Exercise requirements: Across the whole listing, return each line exactly, with no images included.

Supplied information: Begin

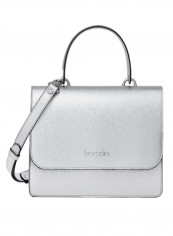 Michelle Logo Detail Shoulder Bag Silver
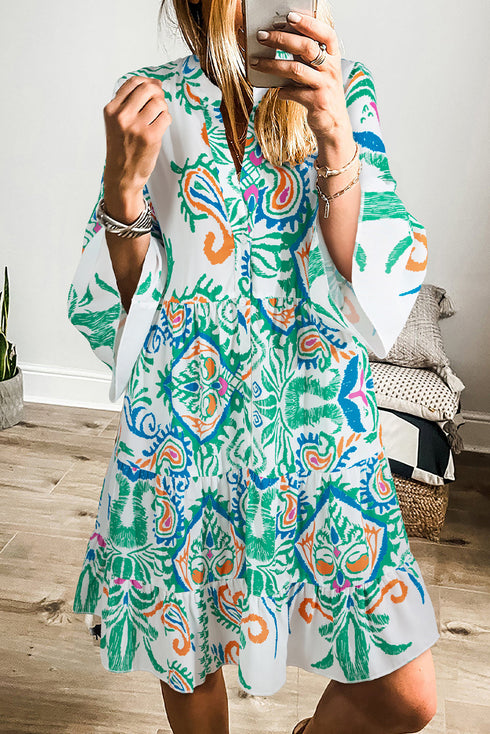Printed Tribal Print Bracelet Sleeve Buttoned Mini Dress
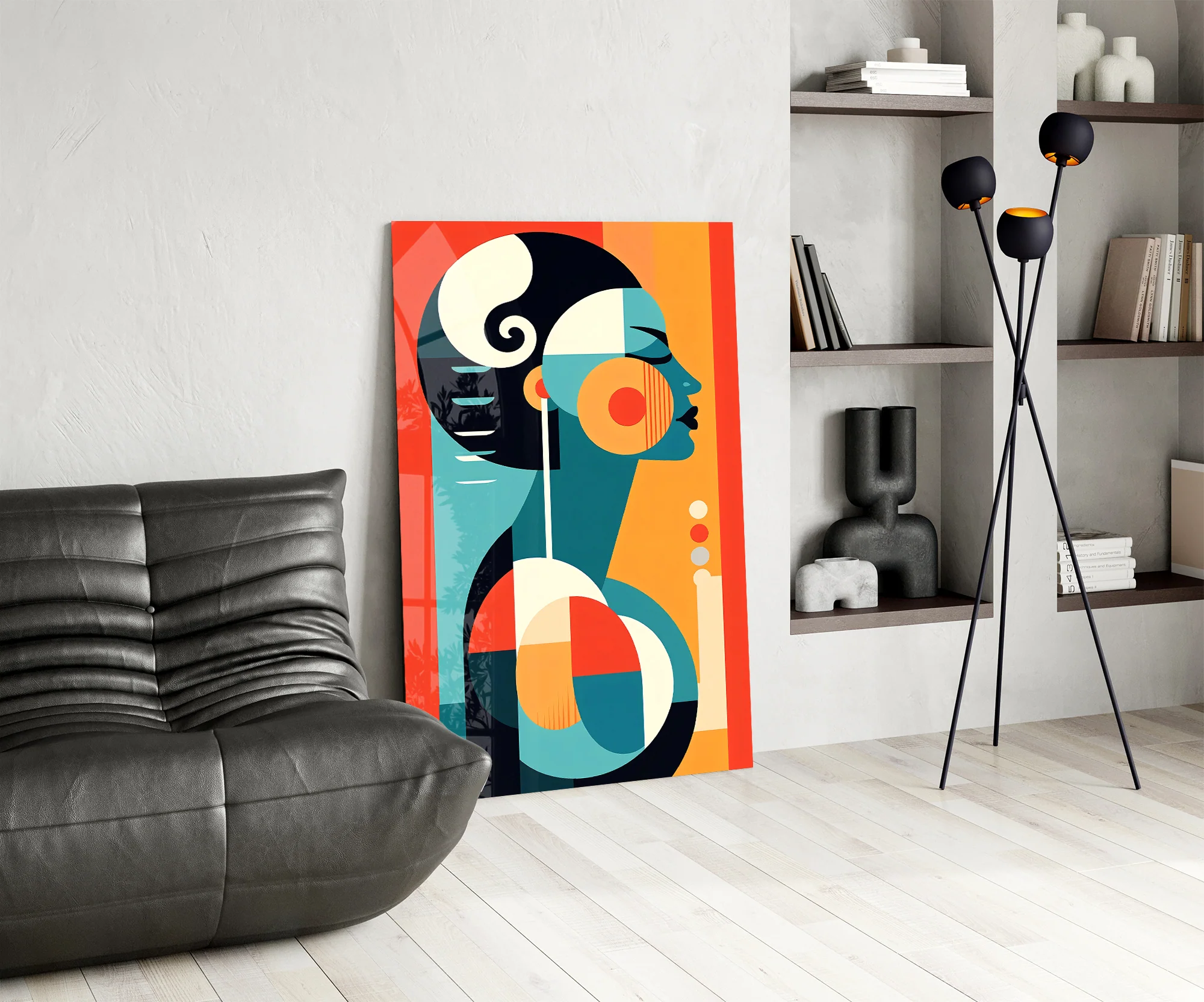 Abstract Geometric Woman Glass Wall Art - Image 6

Supplied information: End

The answer:
 Michelle Logo Detail Shoulder Bag Silver
Printed Tribal Print Bracelet Sleeve Buttoned Mini Dress
 Abstract Geometric Woman Glass Wall Art - Image 6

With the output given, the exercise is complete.